_Directions for this task_. Among the entries below, the lines from the one with "Składane Wiosło Kajakowe" up to and including the one with "Caol Ila 18" are to be restated exactly, without pictures.

Stored dataset items
***

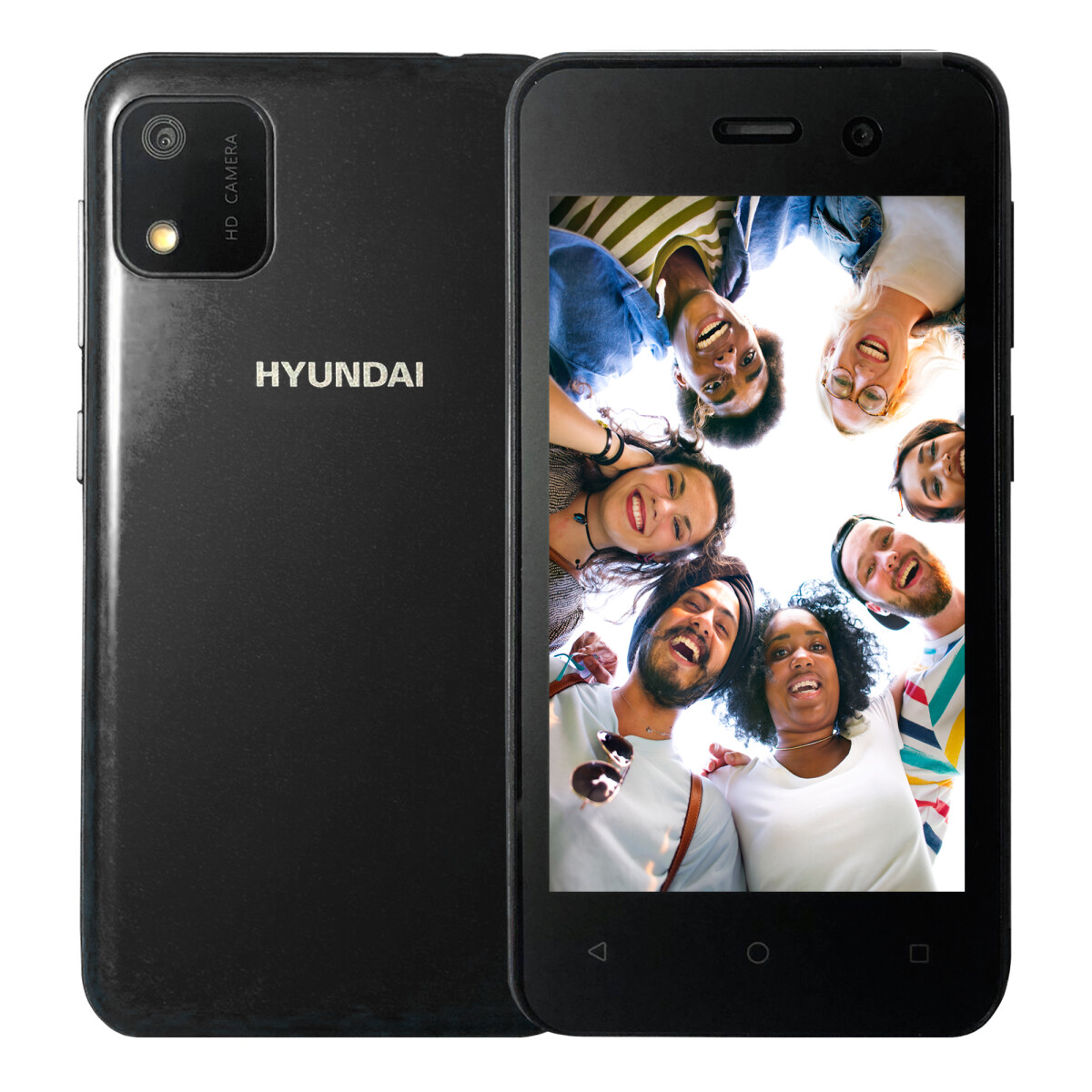 Hyundai - Smartphone E485 - 4" Multitáctil wvga Tn. 3G 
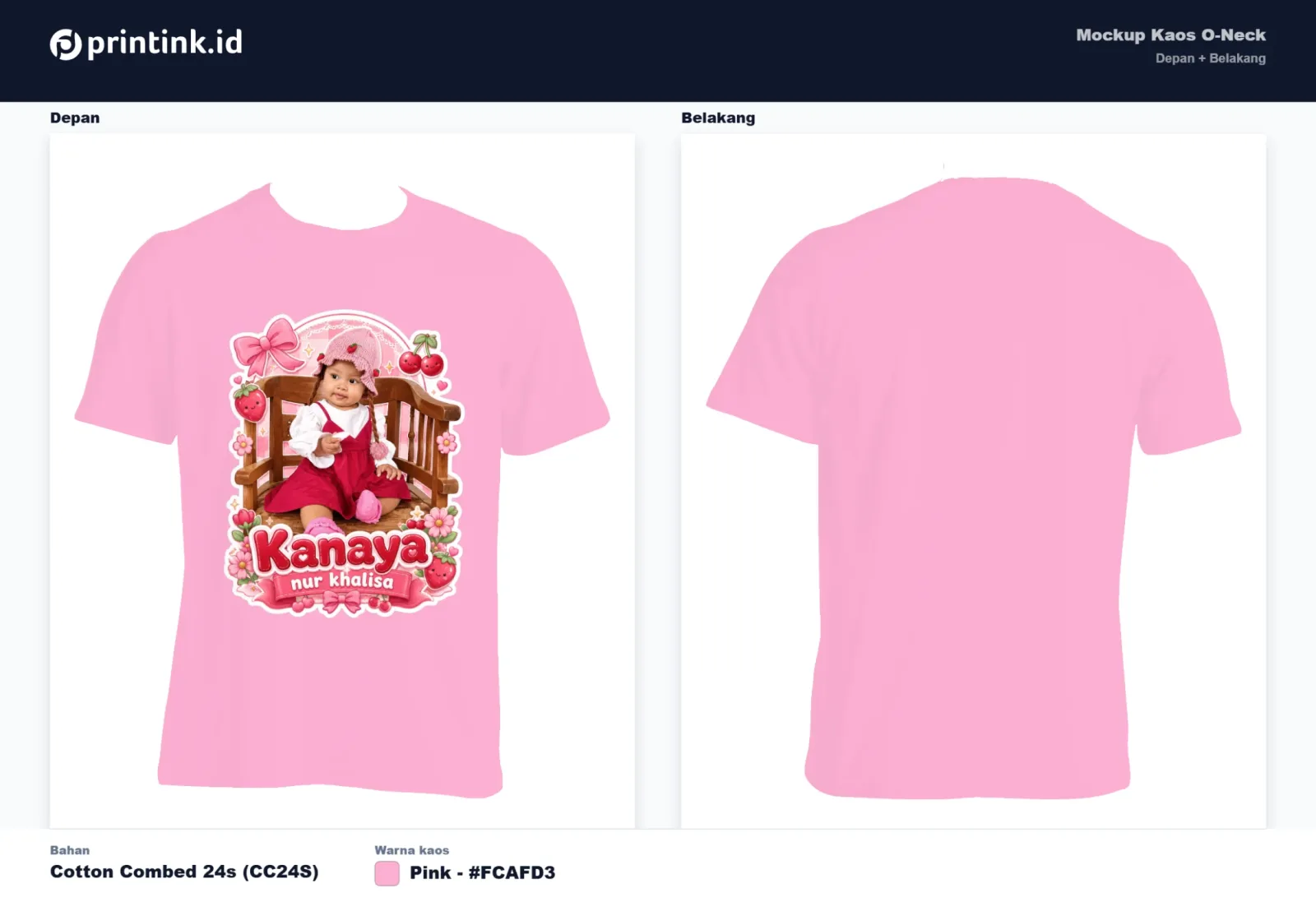 Kaos Anak Avatar Custom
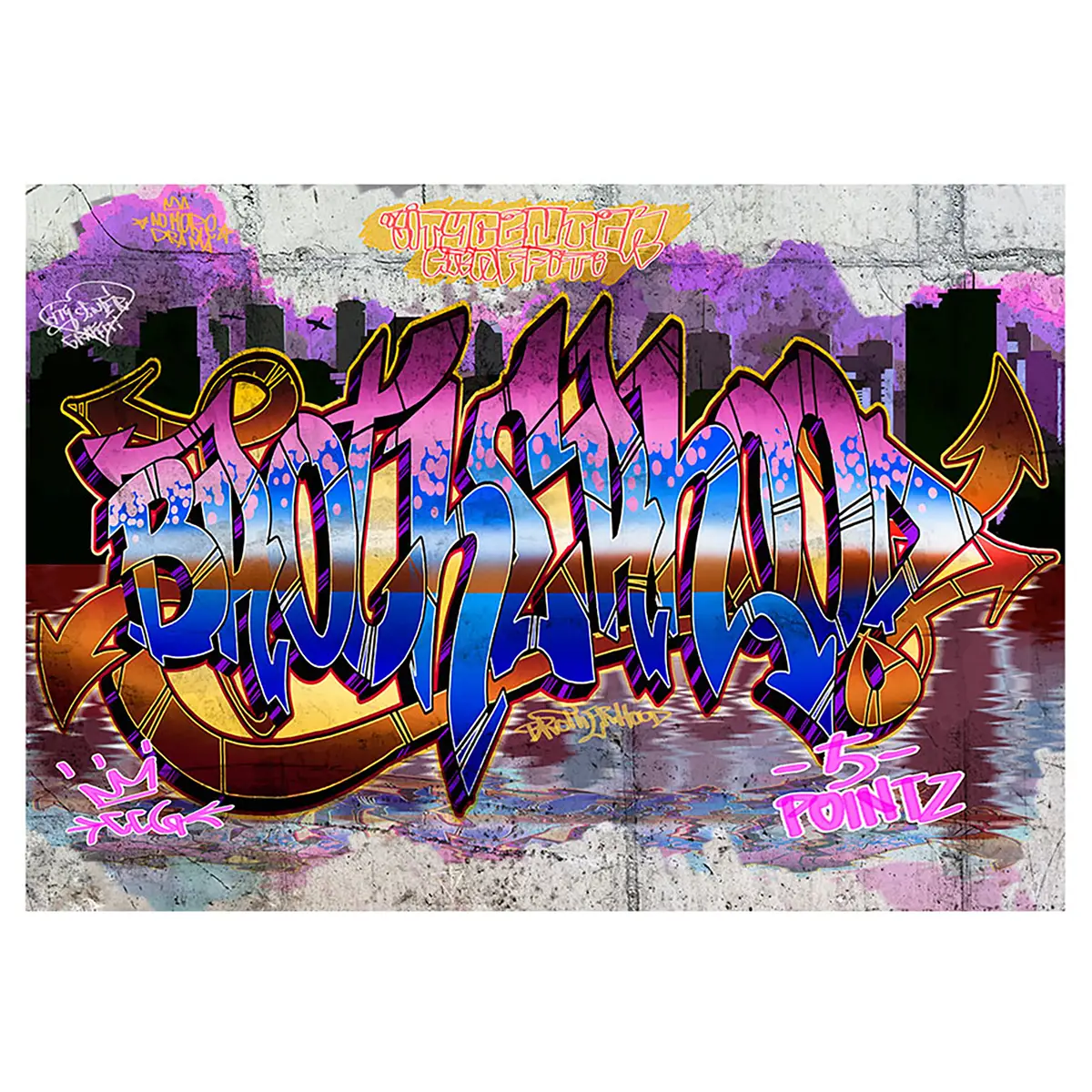 Vliestapete Colorful Mural | Mehrfarbig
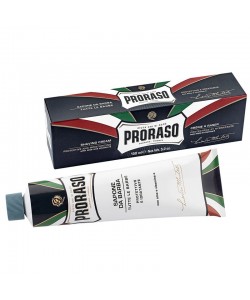 Krem do Golenia Proraso z Ekstraktem z Aloesu i Witaminą E 150 ml (New Version)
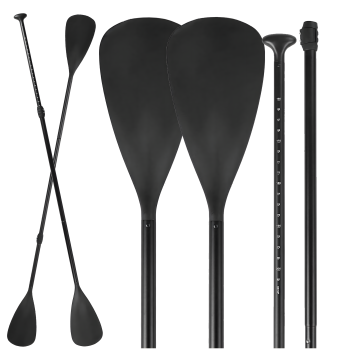 Składane Wiosło Kajakowe do Deski SUP 2w1 Regulowane 4-Częściowe 210 cm Pro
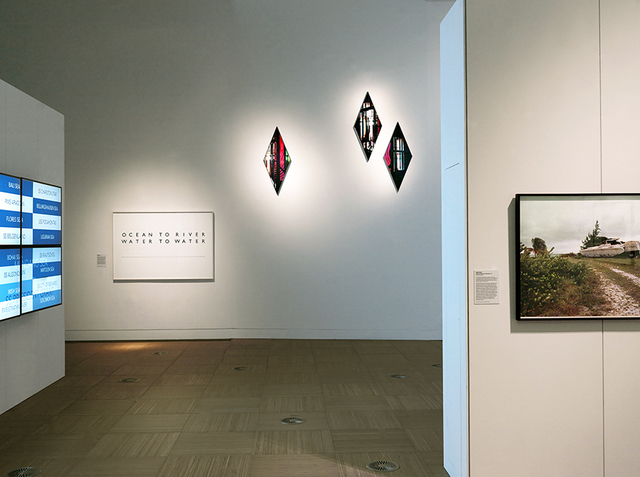 Installation view from group exhibition Ship to Shore, SeaCity Museum, 2014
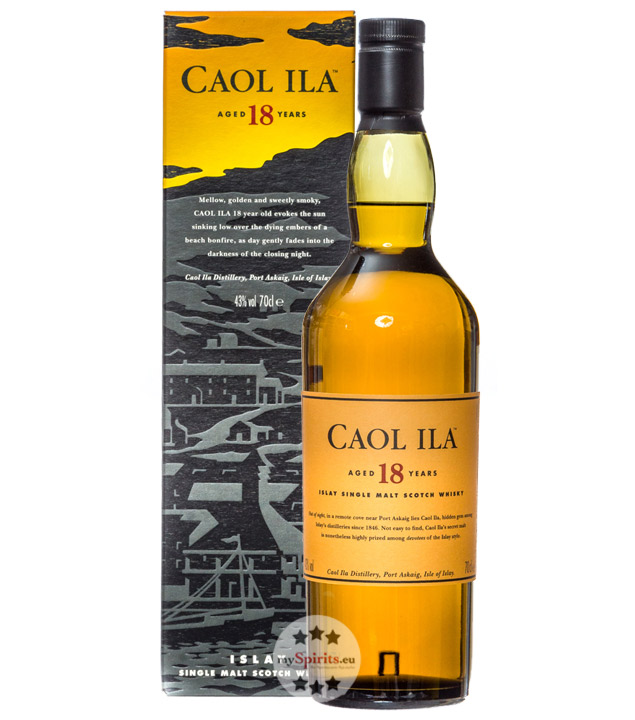 Caol Ila 18 Jahre Single Malt Whisky (43 % vol., 0,7 Liter) von Caol Ila Distillery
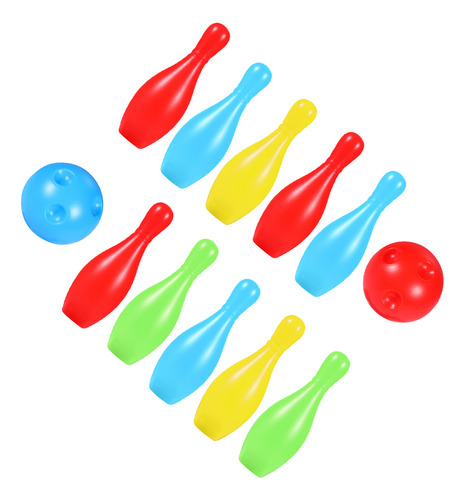 1 Juego De Bolos Resistentes Al Desgaste De Plástico Para Ni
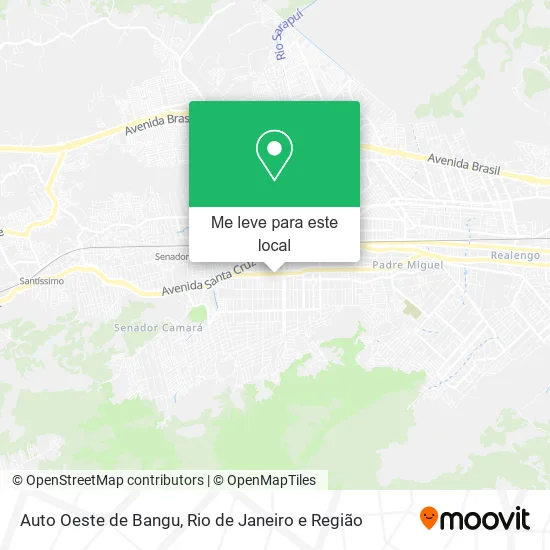 Auto Oeste de Bangu mapa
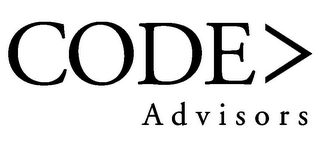 CODE> ADVISORS logo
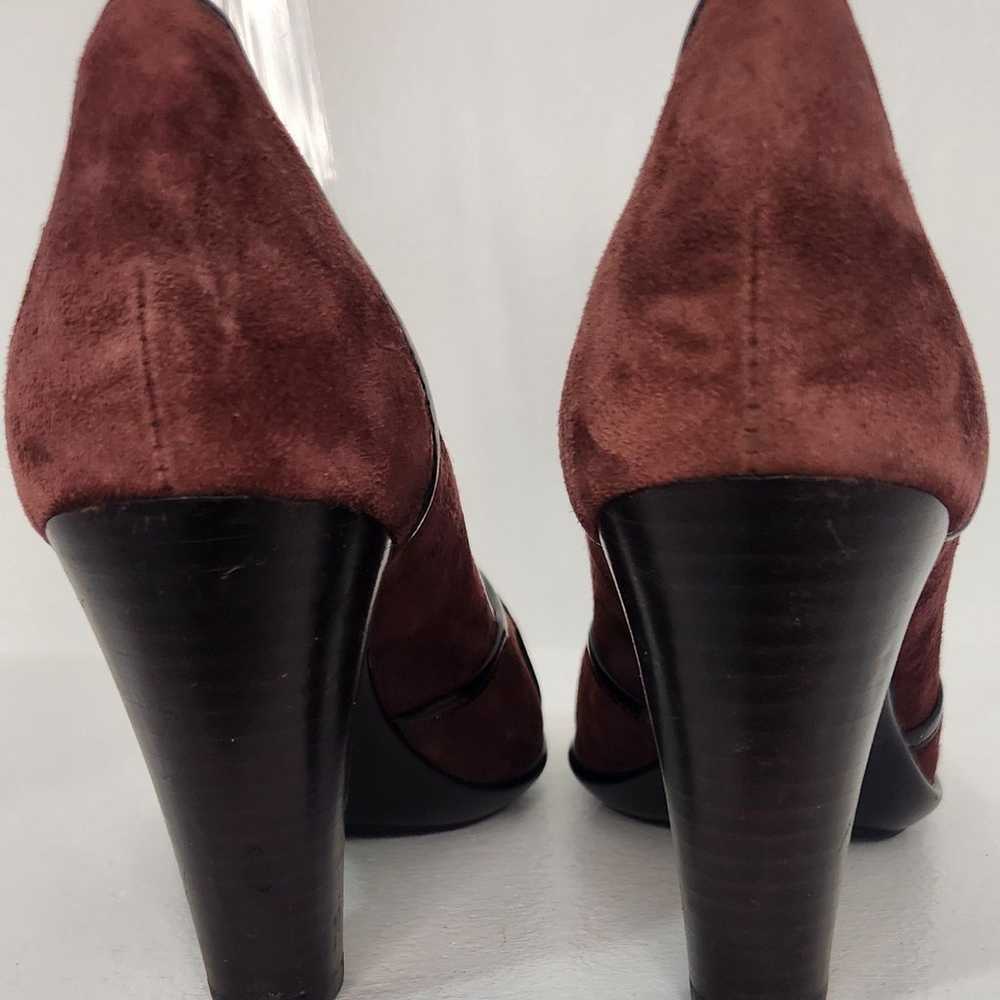 Sofft Size 5  Suede Leather in Merlot Burgundy Op… - image 5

***

_Exercise result_.
 Składane Wiosło Kajakowe do Deski SUP 2w1 Regulowane 4-Częściowe 210 cm Pro
 Installation view from group exhibition Ship to Shore, SeaCity Museum, 2014
 Caol Ila 18 Jahre Single Malt Whisky (43 % vol., 0,7 Liter) von Caol Ila Distillery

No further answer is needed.